Эрминия закрыла лицо руками.
Старый герцог продолжал:
— Ты знаешь, зачем я позвал тебя. Как там сейчас твой племянник, девочка? Ты можешь его увидеть?
— Я попытаюсь, — мягко ответила та и достала бледно-голубой кристалл из специального мешочка, висевшего на шее. Герцог лишь мельком глянул на искрящиеся грани камня и тут же отвел взор; он хоть и был сильным телепатом, но никогда не учился обращению со звездным камнем, дающим возможность переходить на более высокие уровни энергий.
Раскард наблюдал, как Эрминия отрешенно склонилась над камнем. Глядя на ее юное лицо, герцог Раскард ощутил себя старым, усталым от жизни человеком, единственной целью которого была месть Сторнам, убившим его деда, отца, двух старших братьев, а теперь вот — единственного сына.
«О боги, молю вас, сделайте так, чтобы Аларик остался жив и не был разлучен со мной навеки. Ни сейчас и ни когда-либо…»
— Увидь его и скажи мне правду, дитя, — произнес он хрипло.
После необычайно долгой паузы Эрминия заговорила тихим, несколько неясным голосом:
— Аларик… брат мой…
И почти тотчас же герцог Раскард, войдя в телепатический контакт, увидал то, что видела она: лицо сына — копия его самого в молодости, — обрамленное кудрявыми, огненно-рыжими волосами. Юношеские черты его искажала боль, а рубашка была залита кровью. Эрминия побледнела.
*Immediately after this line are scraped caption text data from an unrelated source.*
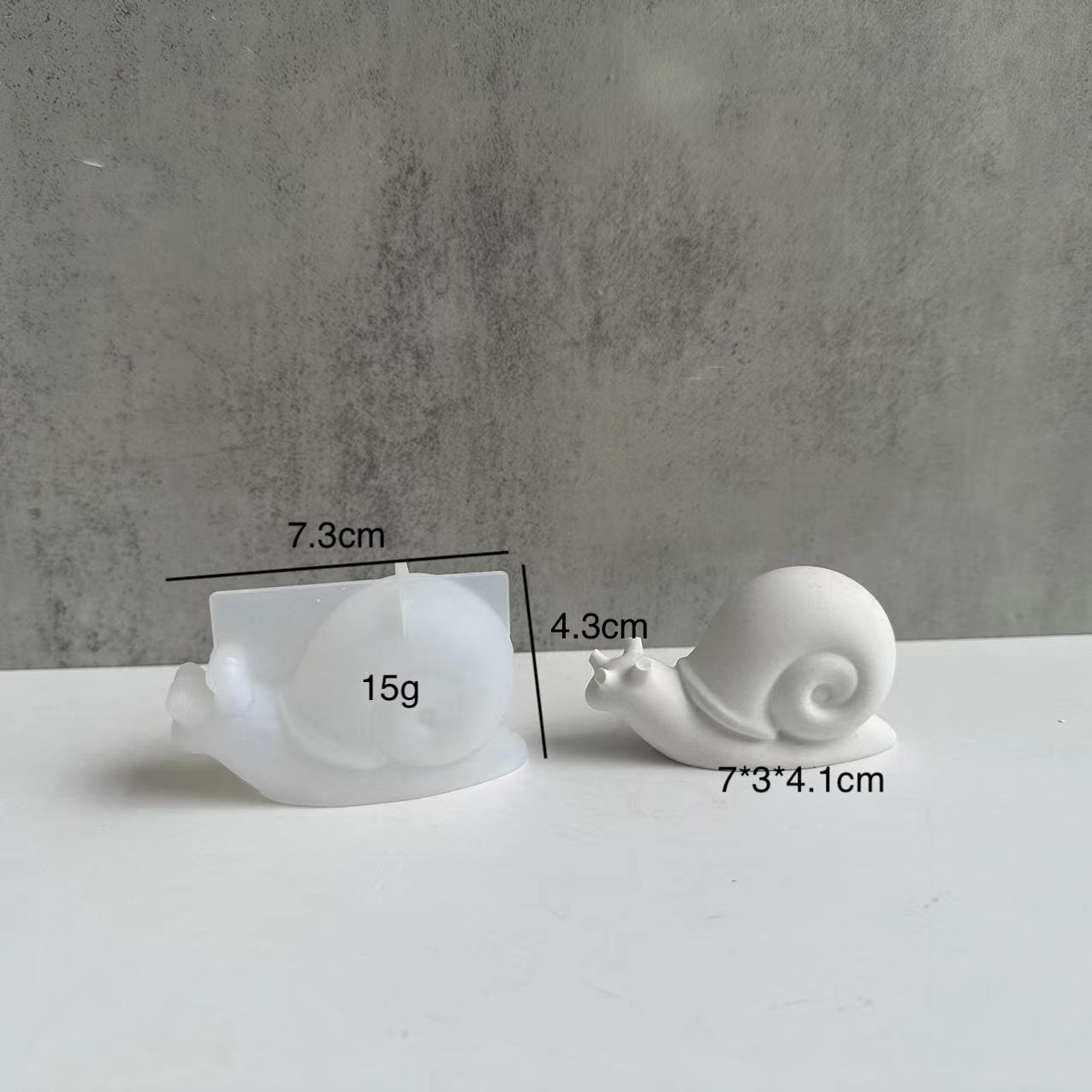 カタツムリ動物シリコーン型 DIY アロマキャンドル石鹸石膏 - Candle Supplies Store のレビューと価格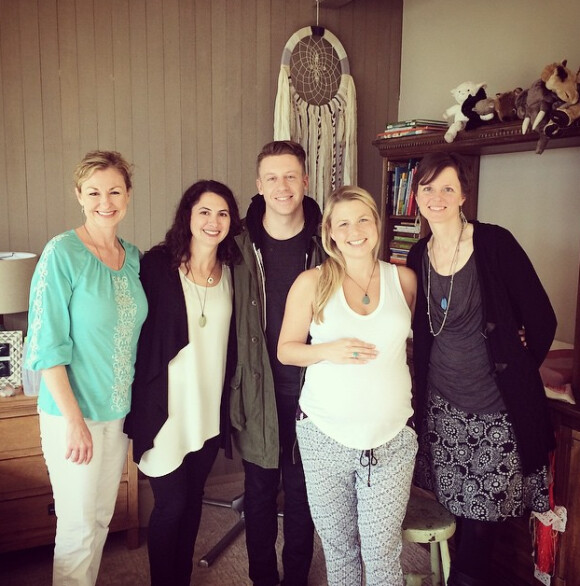Macklemore, sa fiancée Tricia et des amies - 2015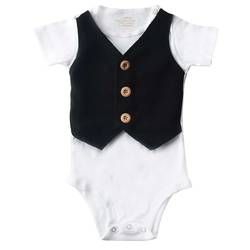 J-Baby Bodysuit Rompi Kain Hitam 3-12 month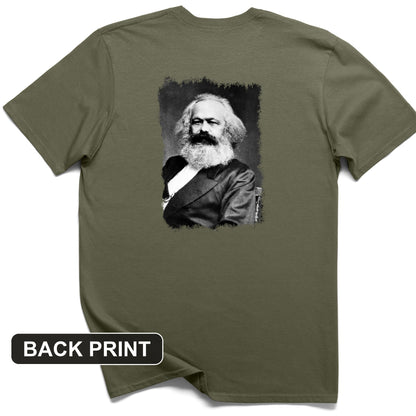 Karl Marx Back Print T-Shirt
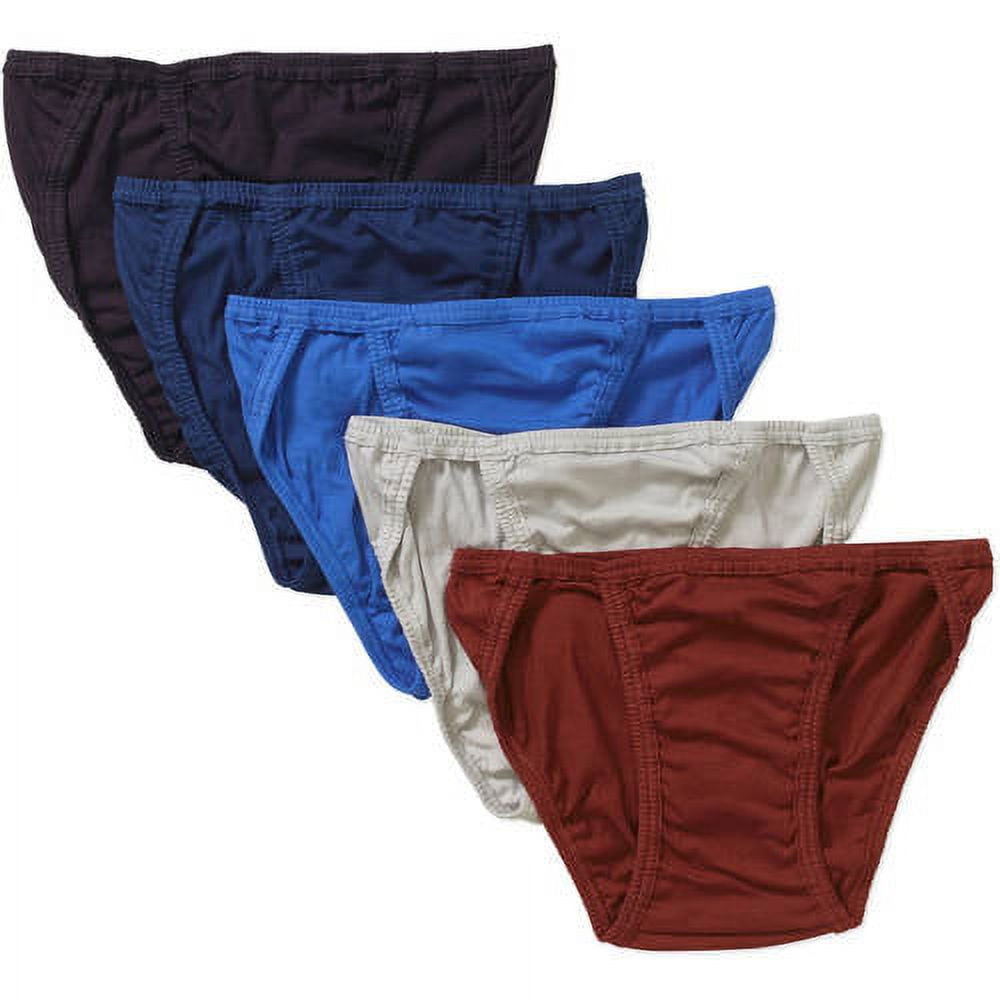Men's assorted cotton string bikini, 5 pack - assorted color may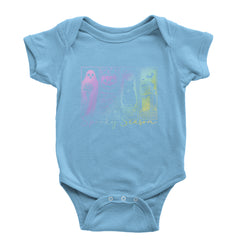 Spooky Season Cute Pastel Halloween Design Infant One-Piece Romper Bodysuit Or Toddler T-shirt Light Blue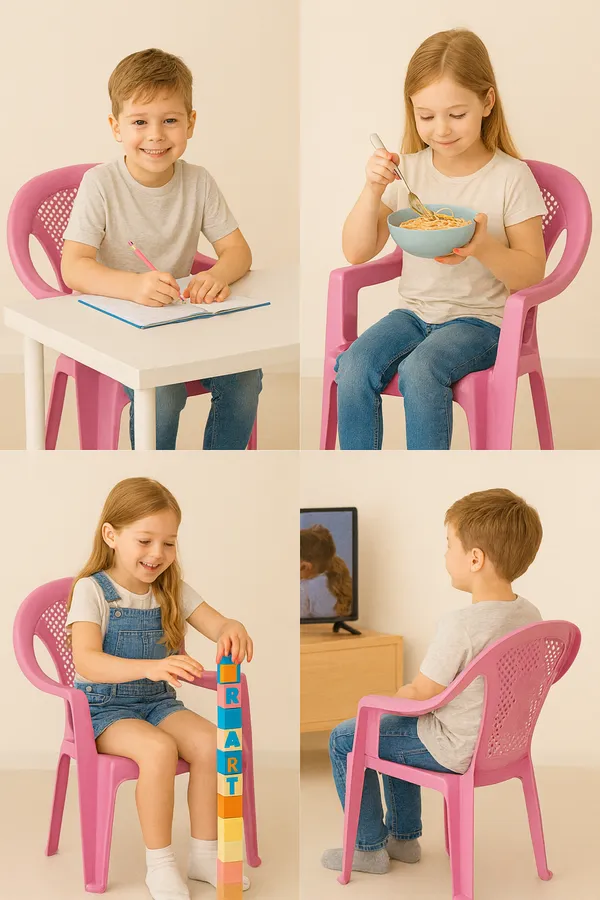 Pink_Plastic_Kids_Chair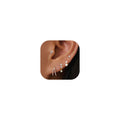 6 Pairs 14K Gold Plated Stud Earrings for Women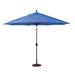 Arlmont & Co. Nadasha 11' Lighted Market Sunbrella Umbrella in Blue/Navy | Wayfair EAFA8FDB38464E60BBF3911E2F24070D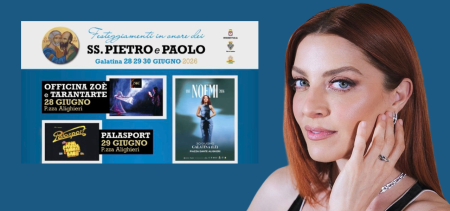 Festa Santi Pietro e Paolo Galatina 2026: sabato il concerto gratuito di Noemi | Puglia.com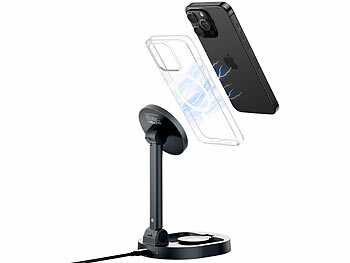 Holder mangnetisches Induction 2in1 Kopfhörer kompatibel Standard Gerät 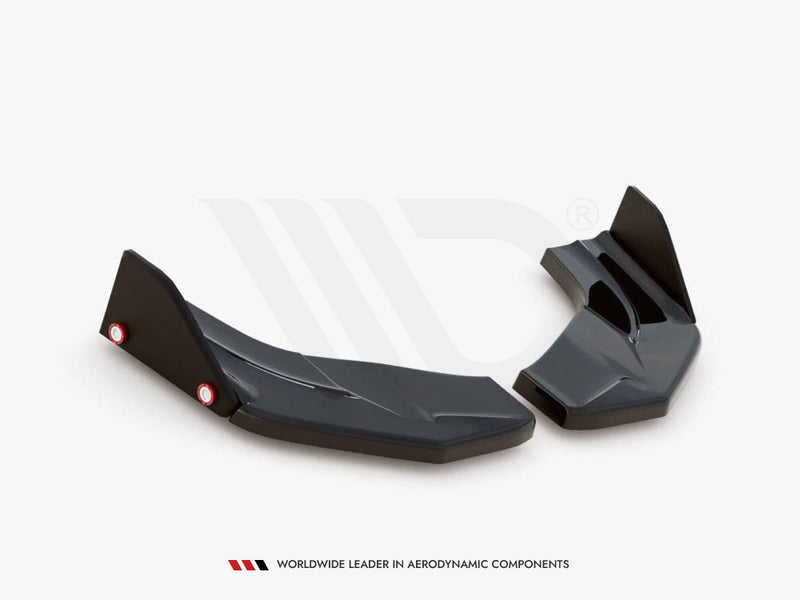 Maxton Design Rear Side Splitters V.7 + Flaps Hyundai I30 N Mk3 Hatchback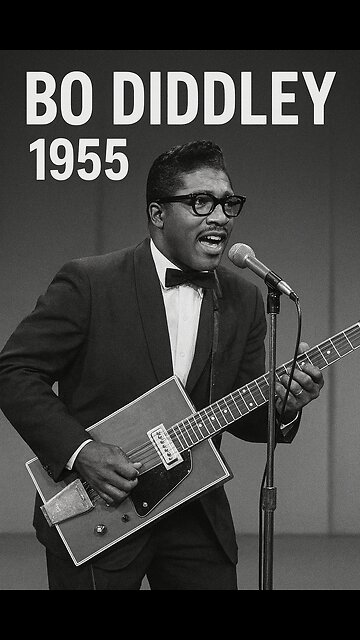 Highlights of Bo Diddley — “Bo Diddley” (1955) Ed Sullivan Show Historic Rock ’n’ Roll Moment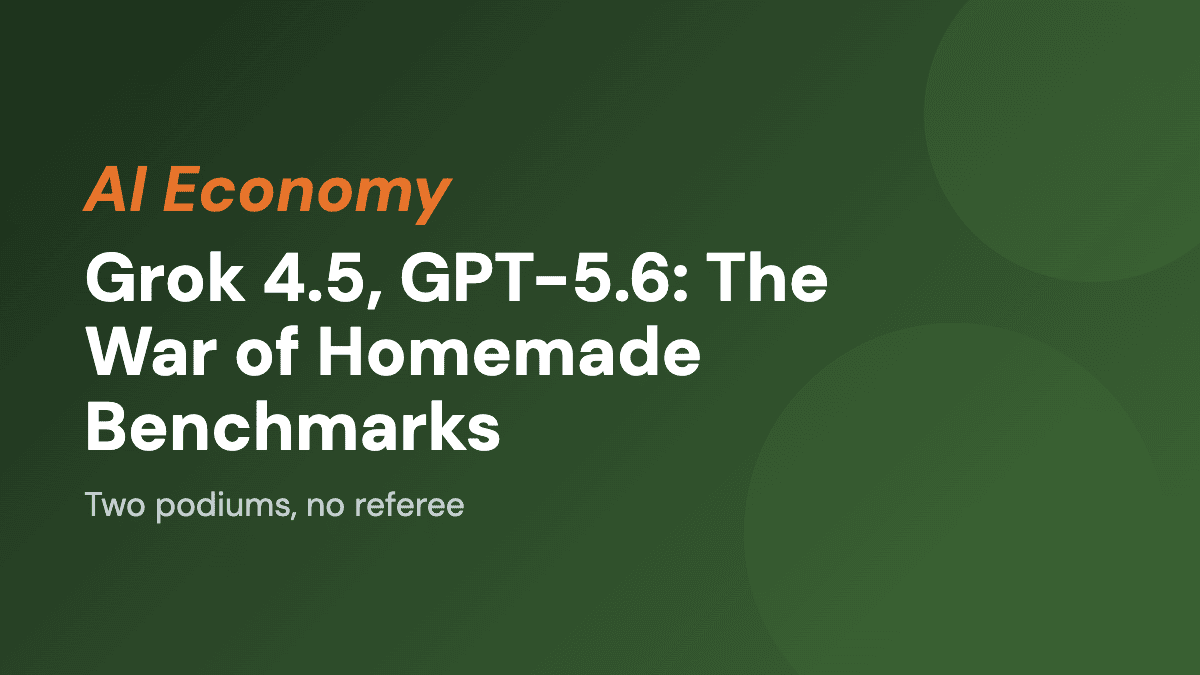 Grok 4.5, GPT-5.6: The War of Homemade Benchmarks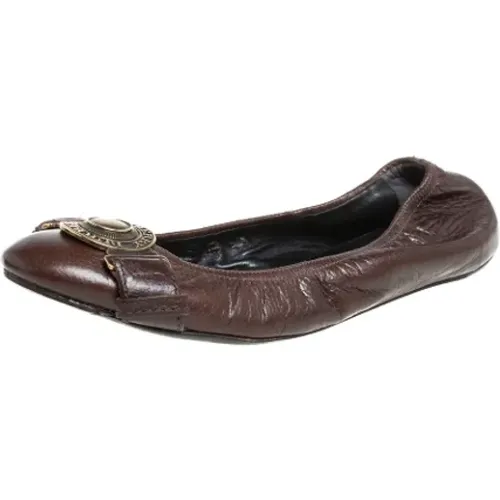 Pre-owned Flats, female, , Size: 9 US Pre-owned Leather flats - Burberry Vintage - Modalova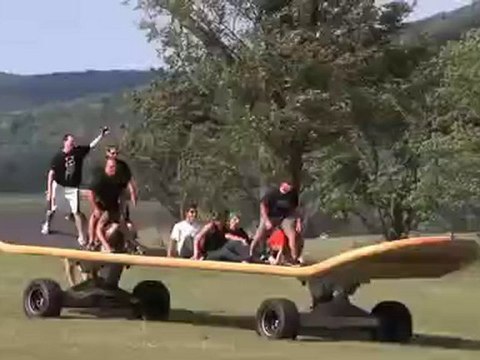 World's Largest Skateboard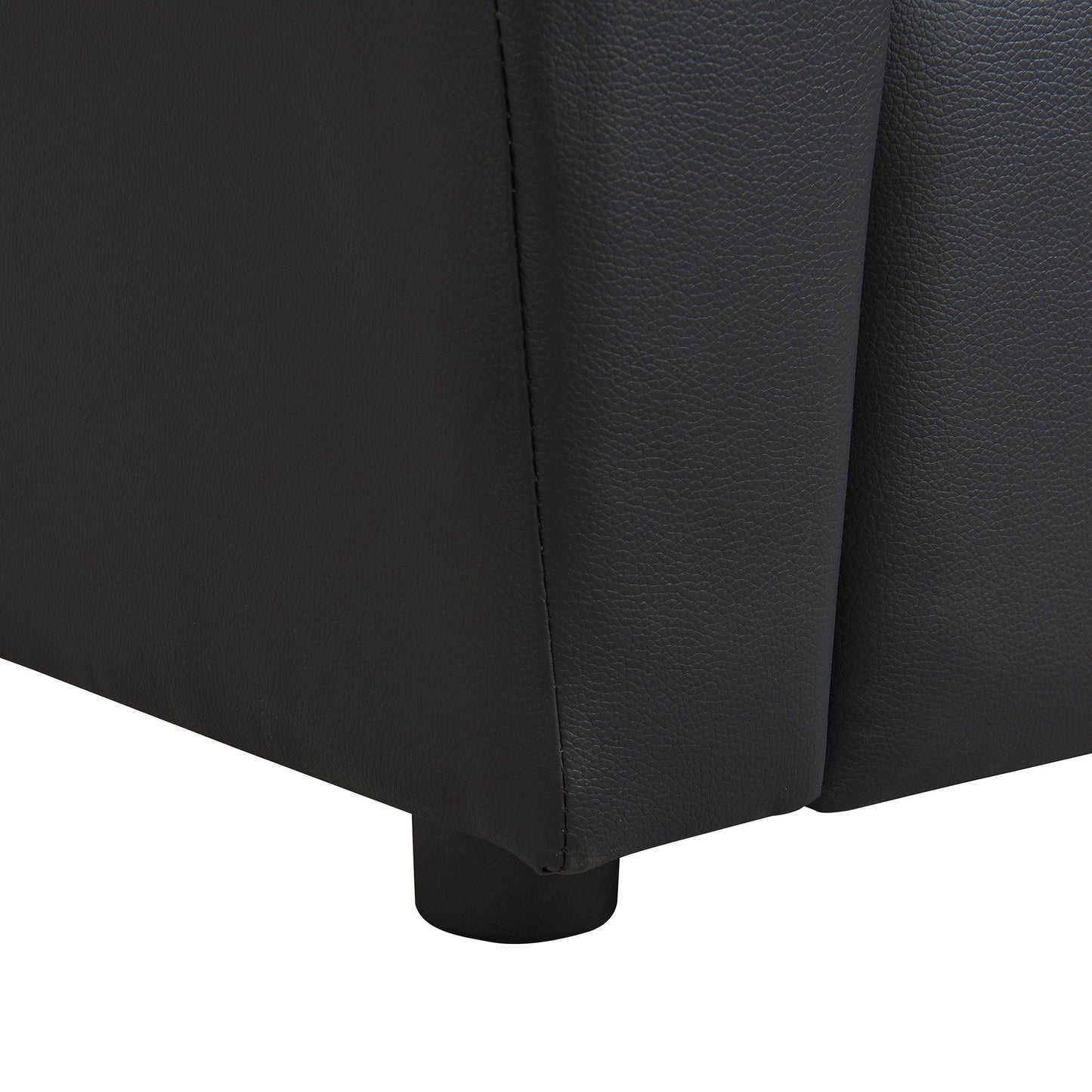 Sally Deluxe Kids Recliner Chair With Cup Holder - Black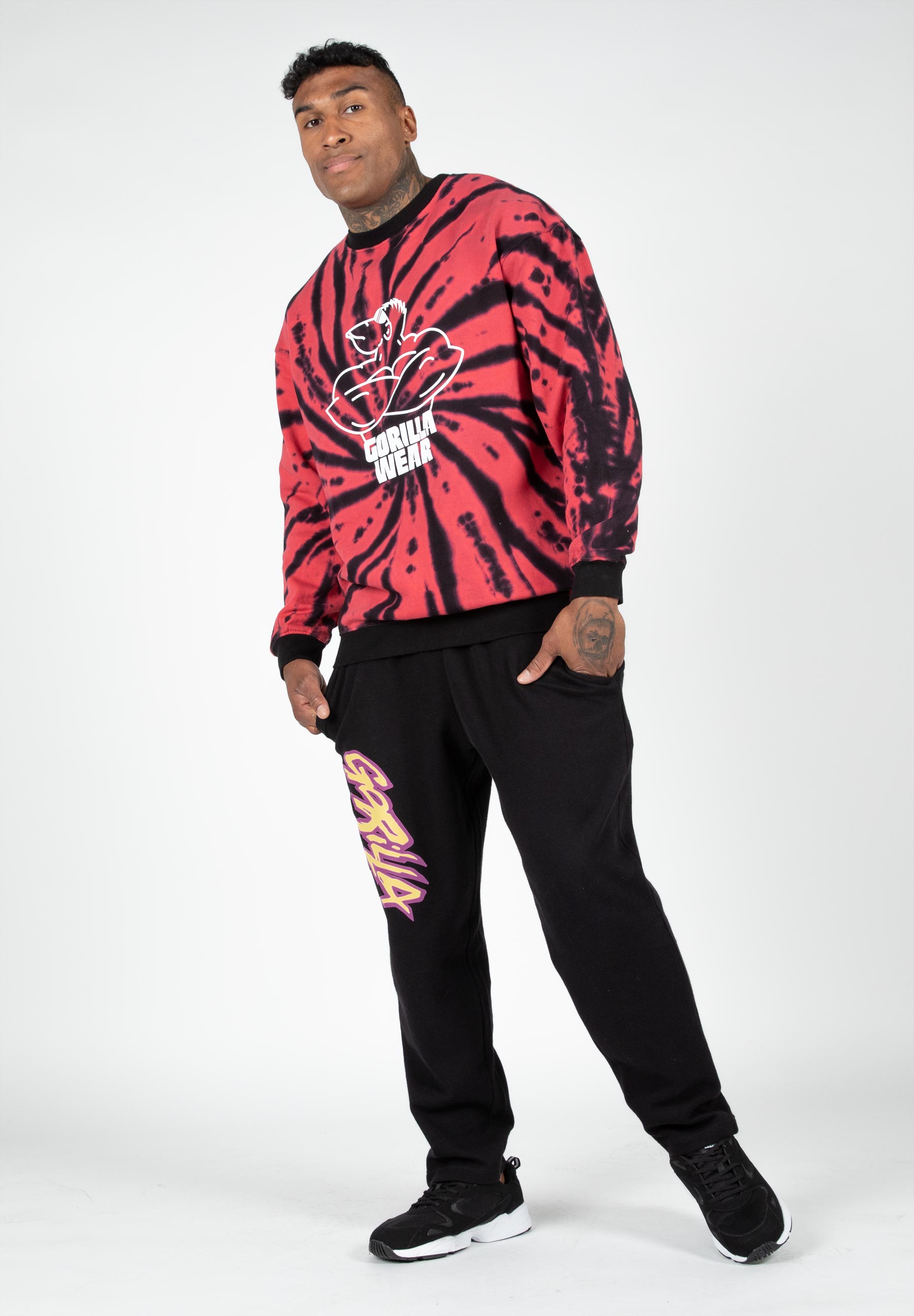 Legacy Oversized Sweatshirt, red/black - 8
— Он жив. Но его раны даже опасней, чем у Маркоса, — произнесла она. — Маркос выживет, если будет лежать, но Аларик… в легком все еще идет кровотечение. Ему очень трудно дышать… и он — без сознания.
— Ты можешь дотянуться до него? Можно ли залечить рану на таком расстоянии? — спросил герцог, вспомнив, что сумела сделать она для Маркоса, но девушка лишь вздохнула, на глазах у нее выступили слезы.
— Увы, нет, дядя, я постараюсь, но даже Хранитель из Башни Трамонтаны не смог бы лечить на таком расстоянии.
— Тогда можешь ли ты пробиться к нему и сообщить, что мы знаем, где он, и что мы придем либо спасти его, либо умереть?
— Я боюсь тревожить его, дядя. Если он проснется и сделает неосторожное движение, то может разбередить уже почти закрывшуюся рану в легком, тогда он обречен.
— Да, но, если он очнется и обнаружит, что попал в руки врагов, разве это не повергнет его в отчаяние, которое все равно окончится смертью?